Esse sentimento, segundo a mensagem presidencial, se deve não só à trajetória vitoriosa e recheada de glórias e sucessos do conselheiro nos 22 anos de vida funcional dentro da Corte, mas também “à figura humana ímpar que foi Rochilmer Mello, pai de família exemplar, amigo de todas as horas, sempre com uma palavra amiga e conciliadora a nos auxiliar no que fosse preciso”.

Por fim, o presidente lembra aos demais pares que, ao proporcionar tal homenagem, o Tribunal de Contas está, também, eternizando na memória de todos os rondonienses o nome do conselheiro Rochilmer Mello, “um exemplo de integridade, dedicação e verdadeira paixão por seu trabalho”.


O HOMENAGEADO

Advogado, jornalista e conselheiro do Tribunal de Contas por 22 anos, Rochilmer Mello da Rocha nasceu em 22 de novembro de 1939, em Humaitá, então distrito de Calama, na época pertencente ao estado do Amazonas.

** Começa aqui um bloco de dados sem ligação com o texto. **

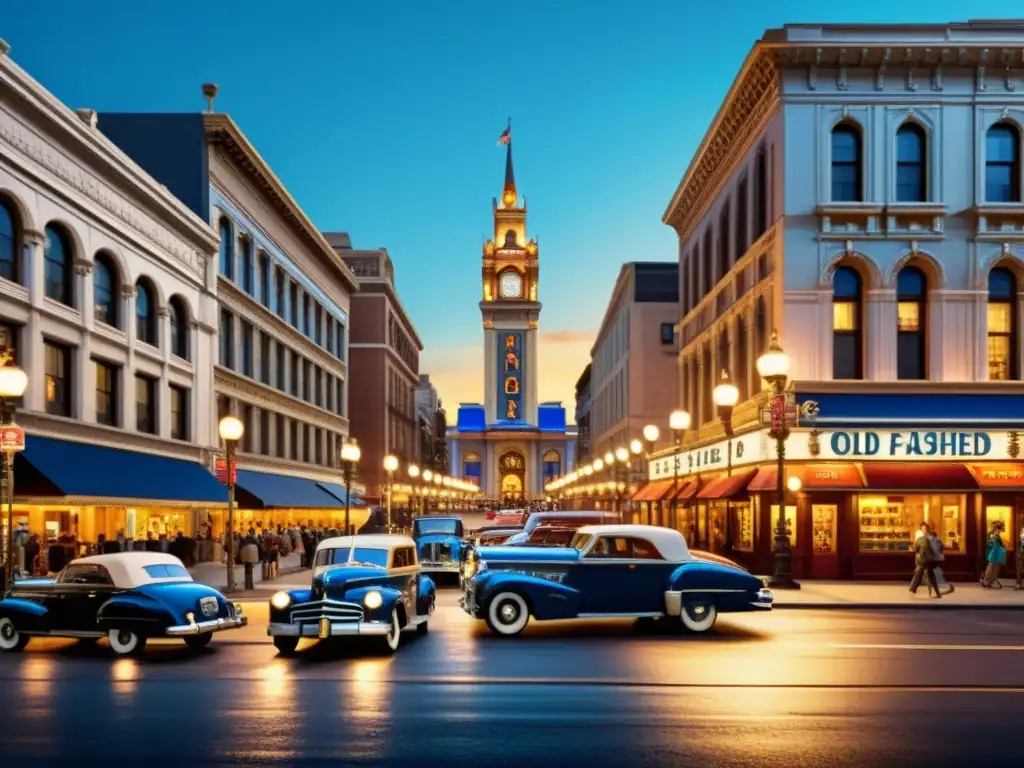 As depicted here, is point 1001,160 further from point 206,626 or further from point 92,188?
point 92,188

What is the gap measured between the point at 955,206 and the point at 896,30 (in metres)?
5.30

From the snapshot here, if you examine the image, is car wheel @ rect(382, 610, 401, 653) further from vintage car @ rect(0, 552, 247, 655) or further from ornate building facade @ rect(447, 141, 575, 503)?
ornate building facade @ rect(447, 141, 575, 503)

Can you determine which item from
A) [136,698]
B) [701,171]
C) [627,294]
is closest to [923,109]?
[701,171]

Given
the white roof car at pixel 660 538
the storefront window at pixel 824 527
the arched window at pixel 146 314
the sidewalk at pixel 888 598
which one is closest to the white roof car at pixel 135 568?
the white roof car at pixel 660 538

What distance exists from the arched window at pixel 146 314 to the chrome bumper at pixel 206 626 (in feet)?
71.4

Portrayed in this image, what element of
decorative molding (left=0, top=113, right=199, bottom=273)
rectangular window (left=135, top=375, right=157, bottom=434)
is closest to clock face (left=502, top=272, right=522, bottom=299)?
decorative molding (left=0, top=113, right=199, bottom=273)

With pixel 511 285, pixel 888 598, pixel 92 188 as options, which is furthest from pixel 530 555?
pixel 511 285

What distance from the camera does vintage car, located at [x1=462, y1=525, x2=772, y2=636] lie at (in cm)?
1873

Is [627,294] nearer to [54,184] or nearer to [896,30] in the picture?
[896,30]

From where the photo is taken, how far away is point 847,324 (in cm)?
3194

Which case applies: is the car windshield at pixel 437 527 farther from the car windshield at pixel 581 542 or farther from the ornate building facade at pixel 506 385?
the ornate building facade at pixel 506 385

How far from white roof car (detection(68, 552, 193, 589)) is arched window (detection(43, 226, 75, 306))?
15.7 metres

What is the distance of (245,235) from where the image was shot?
163 feet

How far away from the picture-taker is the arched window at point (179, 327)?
134 ft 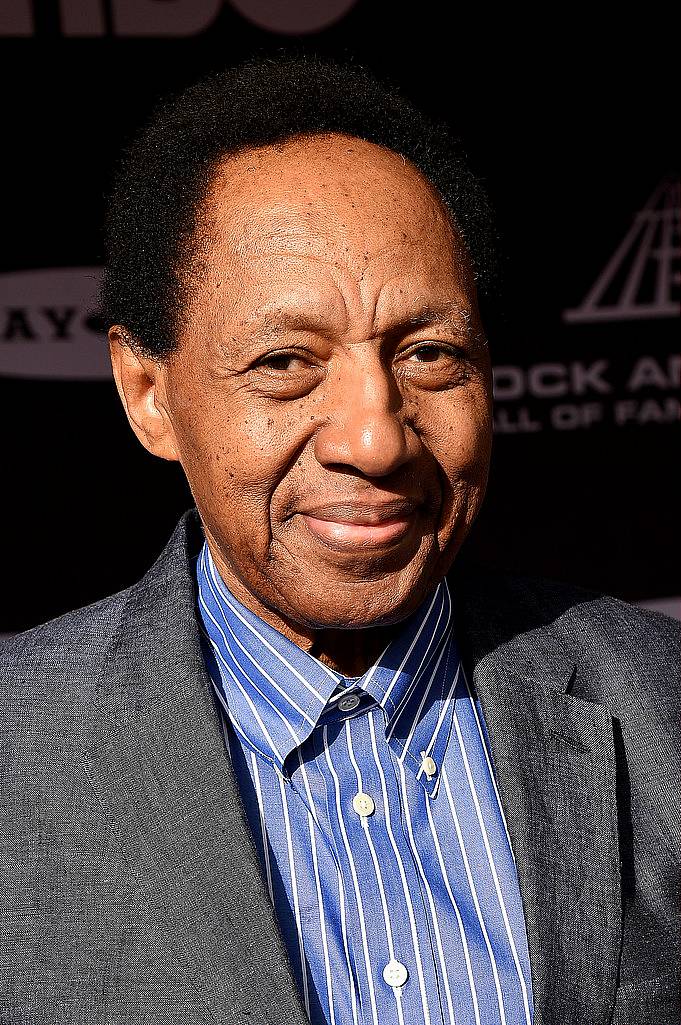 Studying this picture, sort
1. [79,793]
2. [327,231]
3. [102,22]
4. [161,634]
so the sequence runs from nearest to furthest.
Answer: [327,231] → [79,793] → [161,634] → [102,22]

Era filho de Joaquim Pereira da Rocha, seringalista pioneiro e descobridor da cassiterita na região, e de Noêmia Mello da Rocha, professora.

No auge da mocidade, foi para o Rio de Janeiro, onde estudou Direito na Universidade do Estado da Guanabara, atual UERJ. Também no Rio, atuou como jornalista no “Correio da Manhã” e foi, ainda, colunista no jornal “O Dia”.

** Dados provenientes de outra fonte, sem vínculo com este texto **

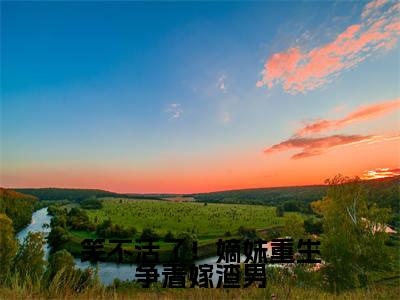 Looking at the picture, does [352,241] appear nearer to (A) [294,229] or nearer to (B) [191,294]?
(A) [294,229]

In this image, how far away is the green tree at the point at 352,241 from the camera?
3953 centimetres

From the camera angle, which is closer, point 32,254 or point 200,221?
point 32,254

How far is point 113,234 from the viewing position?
129250 mm

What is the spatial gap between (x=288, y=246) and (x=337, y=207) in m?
25.7

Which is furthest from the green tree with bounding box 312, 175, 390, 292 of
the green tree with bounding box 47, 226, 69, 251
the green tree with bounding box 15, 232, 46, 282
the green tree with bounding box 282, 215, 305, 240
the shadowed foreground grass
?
the green tree with bounding box 47, 226, 69, 251

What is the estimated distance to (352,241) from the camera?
3984 cm

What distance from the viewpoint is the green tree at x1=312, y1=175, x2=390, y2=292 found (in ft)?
130

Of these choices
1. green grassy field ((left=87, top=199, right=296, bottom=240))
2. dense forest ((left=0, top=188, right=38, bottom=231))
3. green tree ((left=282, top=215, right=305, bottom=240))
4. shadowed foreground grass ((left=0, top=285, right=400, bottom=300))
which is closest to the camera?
shadowed foreground grass ((left=0, top=285, right=400, bottom=300))

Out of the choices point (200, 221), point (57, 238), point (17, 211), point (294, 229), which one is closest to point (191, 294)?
point (294, 229)

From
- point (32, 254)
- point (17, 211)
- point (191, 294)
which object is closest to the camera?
point (191, 294)

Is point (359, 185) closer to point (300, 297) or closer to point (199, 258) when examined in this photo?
point (300, 297)

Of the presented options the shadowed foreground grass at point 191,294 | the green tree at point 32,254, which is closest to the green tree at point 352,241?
the shadowed foreground grass at point 191,294

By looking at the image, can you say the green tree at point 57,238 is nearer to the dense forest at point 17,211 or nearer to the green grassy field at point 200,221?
the dense forest at point 17,211

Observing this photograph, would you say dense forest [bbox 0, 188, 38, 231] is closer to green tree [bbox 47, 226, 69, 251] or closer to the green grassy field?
green tree [bbox 47, 226, 69, 251]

Formou-se em Direito em 1963, retornando a Porto Velho no ano seguinte, quando passou a exercer a advocacia. Em 1966, voltou a militar na área de jornalismo, uma de suas paixões. Foi redator-chefe do jornal “O Guaporé”, função que exerceu até 1975, sendo um dos fundadores do jornal “A Tribuna”, órgão que dirigiu até 1987.

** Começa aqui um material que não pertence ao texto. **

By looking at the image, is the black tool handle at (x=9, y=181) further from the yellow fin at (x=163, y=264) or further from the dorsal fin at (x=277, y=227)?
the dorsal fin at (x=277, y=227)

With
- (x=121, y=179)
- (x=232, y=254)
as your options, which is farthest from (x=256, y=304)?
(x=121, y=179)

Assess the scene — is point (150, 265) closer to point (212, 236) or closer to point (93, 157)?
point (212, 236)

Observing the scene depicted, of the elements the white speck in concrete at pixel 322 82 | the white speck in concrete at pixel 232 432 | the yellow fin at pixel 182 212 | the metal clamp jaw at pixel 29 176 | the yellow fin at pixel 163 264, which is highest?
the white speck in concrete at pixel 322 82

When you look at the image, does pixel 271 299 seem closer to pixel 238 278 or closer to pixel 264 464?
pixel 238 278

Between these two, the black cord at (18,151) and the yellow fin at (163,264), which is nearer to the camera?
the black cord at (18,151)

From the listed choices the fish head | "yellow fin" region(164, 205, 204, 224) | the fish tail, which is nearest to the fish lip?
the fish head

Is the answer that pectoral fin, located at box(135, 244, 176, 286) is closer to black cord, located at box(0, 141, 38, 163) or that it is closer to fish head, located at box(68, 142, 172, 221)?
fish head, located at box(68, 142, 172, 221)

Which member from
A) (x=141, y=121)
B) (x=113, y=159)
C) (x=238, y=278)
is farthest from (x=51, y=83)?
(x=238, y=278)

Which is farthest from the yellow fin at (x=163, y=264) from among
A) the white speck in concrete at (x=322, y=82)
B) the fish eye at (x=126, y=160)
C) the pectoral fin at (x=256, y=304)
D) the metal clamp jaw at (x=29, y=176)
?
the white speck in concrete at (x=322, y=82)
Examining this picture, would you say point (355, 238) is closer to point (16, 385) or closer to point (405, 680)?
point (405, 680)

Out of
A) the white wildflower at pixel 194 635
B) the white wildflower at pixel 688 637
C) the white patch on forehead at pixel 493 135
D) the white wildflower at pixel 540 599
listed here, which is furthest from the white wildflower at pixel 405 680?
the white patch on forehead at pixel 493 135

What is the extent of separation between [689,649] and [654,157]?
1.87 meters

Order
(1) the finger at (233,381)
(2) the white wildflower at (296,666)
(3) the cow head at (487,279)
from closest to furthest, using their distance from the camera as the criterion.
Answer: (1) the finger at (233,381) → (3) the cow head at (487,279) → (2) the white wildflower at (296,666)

Ainda na década de 1970, exerceu o cargo de secretário-geral da Ordem dos Advogados do Brasil (OAB), entre os anos de 1974 e 1976. Em janeiro de 1980, assumiu a chefia da Casa Civil do então Território Federal do Guaporé, já em processo de transformação em Estado.

Quando ocorreu a aposentadoria do conselheiro José Renato da Frota Uchoa, a primeira vaga aberta dentre os membros fundadores do TCE, Rochilmer Mello da Rocha estava atuando na iniciativa privada, sem vinculações com a administração pública. Desse modo, em 18 de setembro de 1987, tornou-se conselheiro do Tribunal de Contas.

Ainda em 1987, foi eleito para presidir a Corte de Contas, tendo sido reconduzido à presidência no ano seguinte. Exerceu um terceiro mandato de presidente, no biênio 2002-2003. Ocupou, também, os cargos e funções de corregedor e presidente da 1ª e da 2ª Câmaras.

Após 22 anos de atividades, o conselheiro Rochilmer deixou o Tribunal em 2009, ao completar 70 anos, falecendo em 13 de setembro de 2010, no Rio de Janeiro. Era casado com Margarida de Paula Rocha e tinha quatro filhos: Rochilmer Mello da Rocha Filho, Ana Lúcia Rocha Rangel, Daniela de Paula Rocha e Maria Lisieux de Paula Rocha.